THE APPRAISAL PROJECT
You are all quite familiar with appraisals conducted in property insurance claims and each of you, I am sure, has your own opinion regarding them.
Appraisal is an option contained in every property insurance policy and is designed to resolve differences in the quantification of the value of the loss. The process is supposed to be simple. Each side names a competent appraiser and the two appraisers name an umpire. The appraisers attempt to reach agreement and submit any items on which they do not agree to the umpire. The agreement by any two of the three participants results in an award. By statute, the appraisal provision is in every NJ homeowner's policy.
Traditionally, appraisal has only been concerned with a calculation of values. It has not been used to resolve legal issues or to determine disputes regarding coverage or the scope of the loss. In some states, courts are beginning to allow the appraisal to take on attributes of arbitration and to determine the disputed scope of a loss. Other states (California, Texas) have reported cases refusing to allow such expansion. As with any issue, sometimes this expansion can be beneficial to the insured and sometimes an insured will want to preserve the issue for a jury's determination.
The downside to appraisal is the lack of control both the insured and the insurer have over the time it takes to obtain an award. This can sometimes become extended and the intended benefit of a prompt resolution is lost. Another fact to remember is that each party to the appraisal pays its own appraiser and divides the cost of the umpire. Once the process starts, the parties lose the ability to control the costs of the appraisal. This is particularly of interest to the insured as these costs come directly out of the recovery, which is limited to start.
In most instances, the appraisal results in a larger payment to the insured than originally offered by the insurer, although less than the insured originally claimed. The costs of the appraisal, in terms of both money and time, need to be considered to determine the benefit to the insured. Often, the mere statement of an intent to submit a dispute to appraisal can induce the insurer to increase its offer. The insurer recognizes that it will also have to absorb its own appraisal costs and most realize that the award will exceed their current offer.
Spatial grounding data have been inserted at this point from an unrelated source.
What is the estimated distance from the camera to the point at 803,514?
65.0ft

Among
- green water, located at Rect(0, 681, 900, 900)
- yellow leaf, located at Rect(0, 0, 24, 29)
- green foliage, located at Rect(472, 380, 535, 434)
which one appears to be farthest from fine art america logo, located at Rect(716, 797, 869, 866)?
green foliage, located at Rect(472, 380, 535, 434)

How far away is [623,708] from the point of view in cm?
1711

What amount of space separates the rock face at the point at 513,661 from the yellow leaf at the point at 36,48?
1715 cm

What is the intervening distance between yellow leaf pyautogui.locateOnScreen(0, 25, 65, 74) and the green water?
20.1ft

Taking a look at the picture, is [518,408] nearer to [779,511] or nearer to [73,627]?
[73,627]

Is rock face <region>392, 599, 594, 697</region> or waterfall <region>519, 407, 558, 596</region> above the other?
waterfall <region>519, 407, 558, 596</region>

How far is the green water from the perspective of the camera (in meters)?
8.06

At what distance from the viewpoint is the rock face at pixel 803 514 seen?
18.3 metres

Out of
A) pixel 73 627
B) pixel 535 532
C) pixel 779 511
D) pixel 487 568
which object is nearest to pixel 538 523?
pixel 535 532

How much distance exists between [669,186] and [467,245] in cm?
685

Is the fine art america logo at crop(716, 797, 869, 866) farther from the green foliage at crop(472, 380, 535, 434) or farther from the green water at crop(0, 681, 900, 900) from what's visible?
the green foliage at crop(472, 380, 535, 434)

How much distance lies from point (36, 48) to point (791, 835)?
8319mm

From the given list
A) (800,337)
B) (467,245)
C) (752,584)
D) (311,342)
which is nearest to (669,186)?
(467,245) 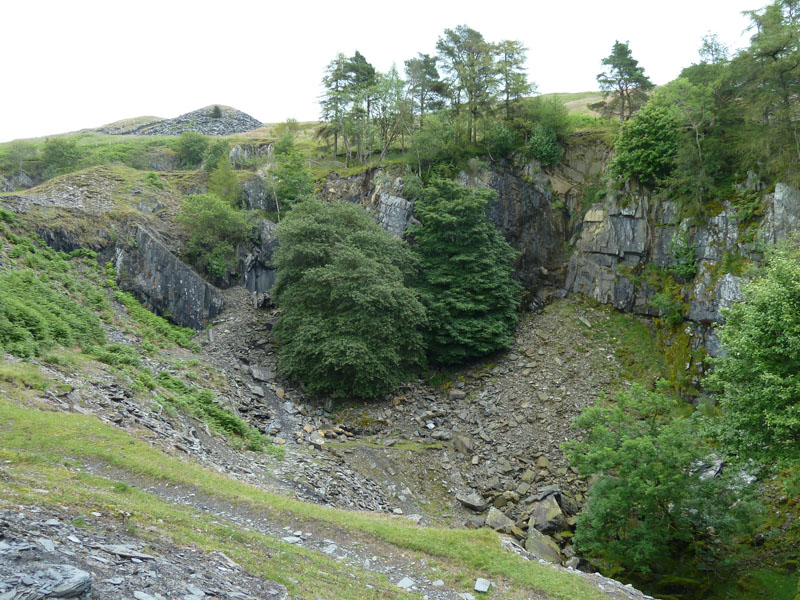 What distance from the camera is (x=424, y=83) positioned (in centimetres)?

I propose that we gather some empirical data regarding appraisals. My suggestion is that we create a database of appraisals and attempt to draw some conclusions about cost, effectiveness and timeliness from the data. I agree to collect the information from you and attempt to analyze it. Here's how I think it should work:
Send me a note on each appraisal in which you become involved at its conclusion containing the following information:
Date of appraisal demand;
Amount claimed by the insured;
Type of claim (building, contents, ALE, EE, BI)
Identity of insurer;
Amount offered by insurer;
Date of award;
Amount of award;
Costs of appraisal to insured.
We should be able to reach some helpful conclusions if we have a large enough basis to make the exercise meaningful. I encourage each of you to participate. Are you in?